(Stored dataset items)
>>

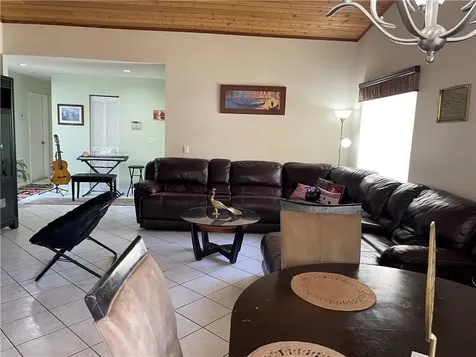 1231 SW 112th Avenue Pembroke Pines FL 33025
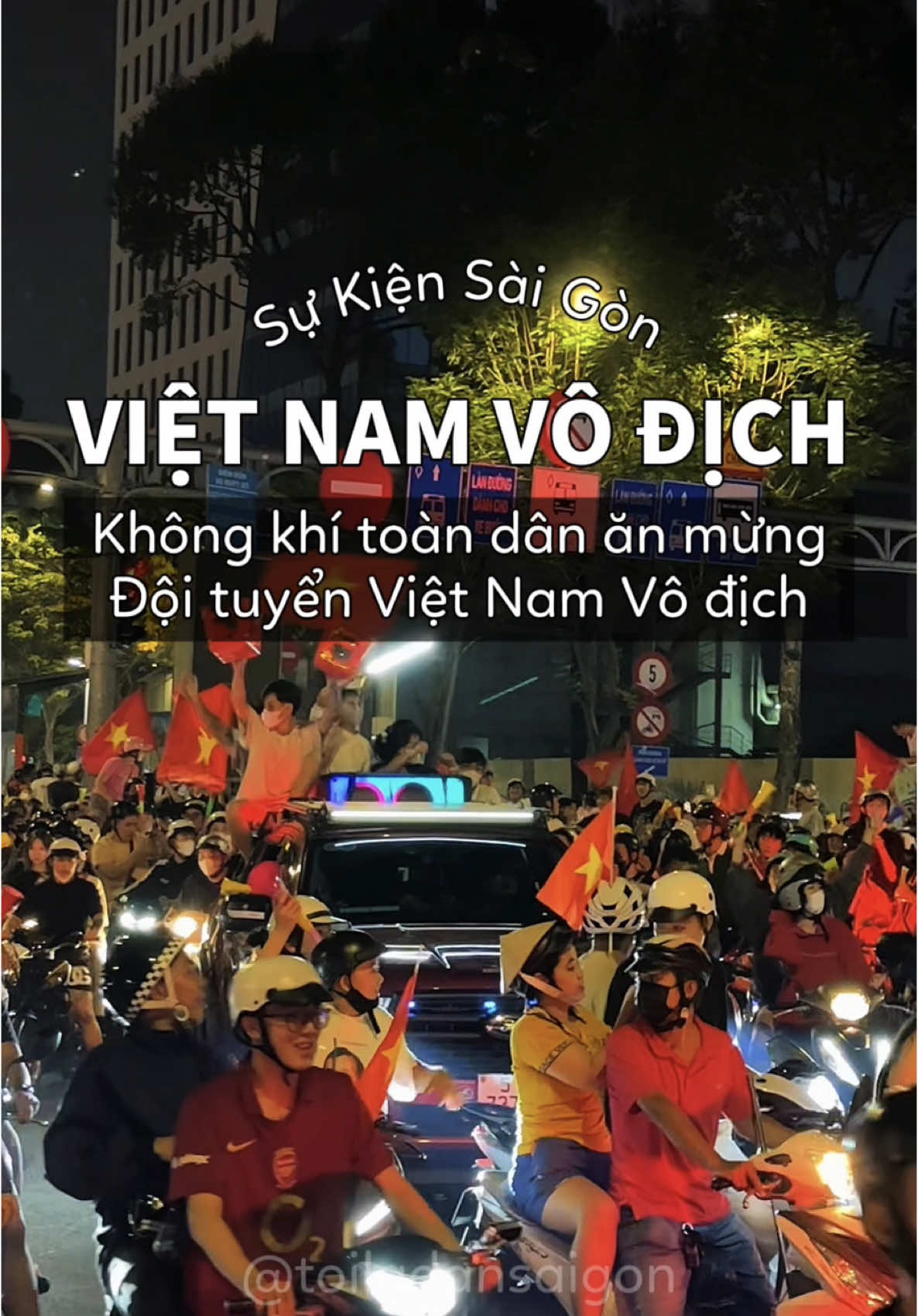 Không khí toàn dân ăn mừng đội tuyển Việt Nam Vô Địch 🇻🇳🇻🇳 #toiladansaigon #vietnamvodich #xuhuong #saigon #ngaycuoinam #doituyenvietnam 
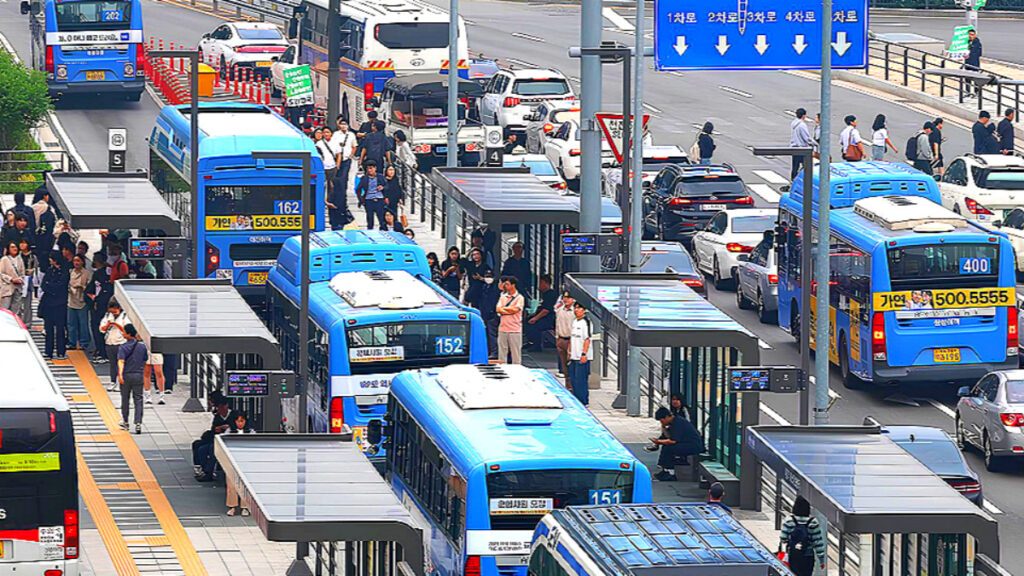 a-bus-in-Seoul-1024x576.jpg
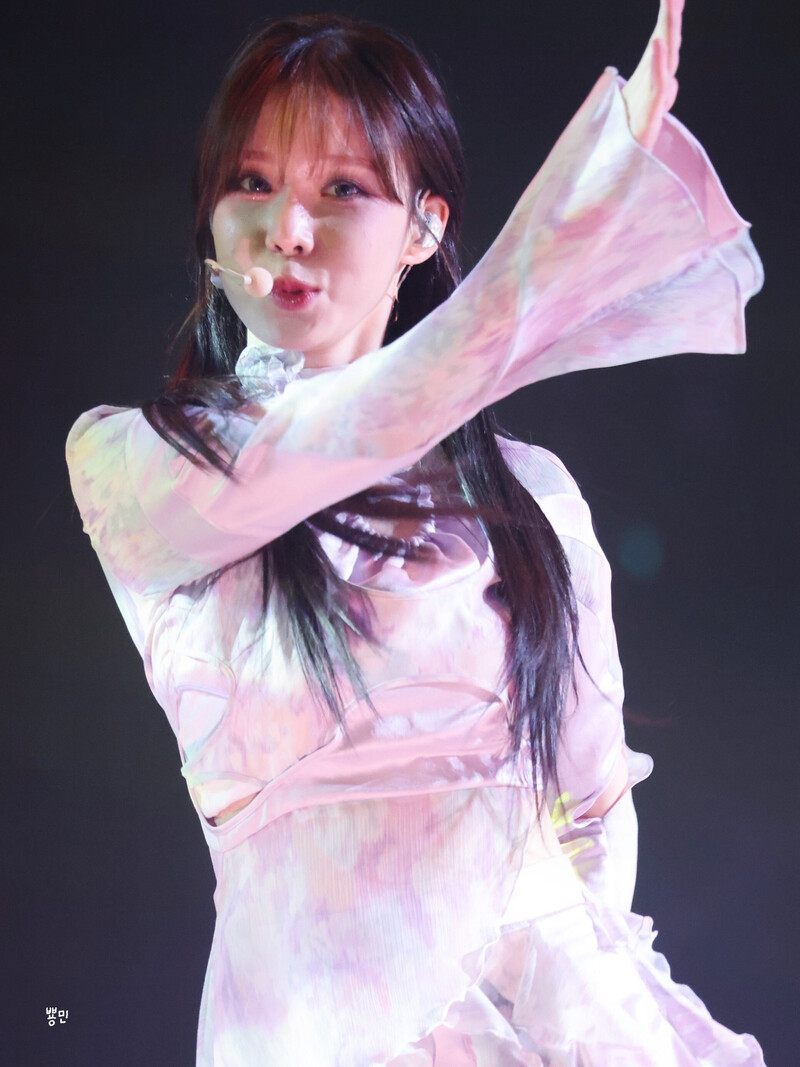 230225 aespa Winter - 1st Concert 'SYNK : HYPER LINE' at Seoul Day 1 documents 2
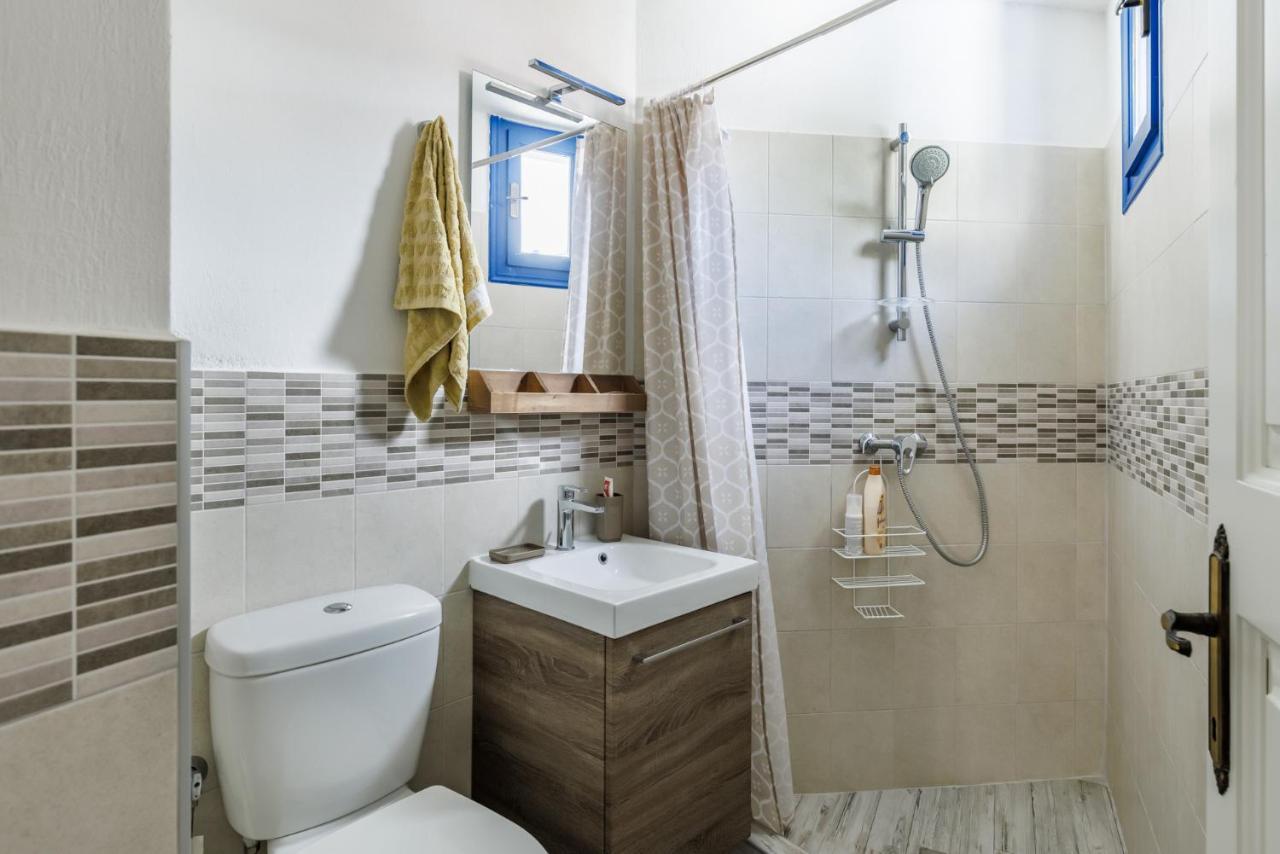 Chiarina'S Spiti Villa Skopelos Town Exterior photo
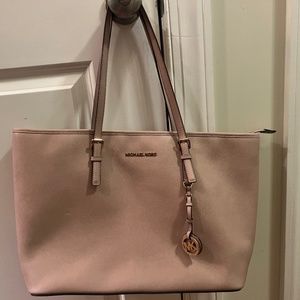 Michael Kors tote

<<

--- Brief ---
Output nothing except an exact copy of the records above, with the images left out.

--- Response to this exercise ---
 1231 SW 112th Avenue Pembroke Pines FL 33025
 Không khí toàn dân ăn mừng đội tuyển Việt Nam Vô Địch 🇻🇳🇻🇳 #toiladansaigon #vietnamvodich #xuhuong #saigon #ngaycuoinam #doituyenvietnam 
 a-bus-in-Seoul-1024x576.jpg
 230225 aespa Winter - 1st Concert 'SYNK : HYPER LINE' at Seoul Day 1 documents 2
 Chiarina'S Spiti Villa Skopelos Town Exterior photo
 Michael Kors tote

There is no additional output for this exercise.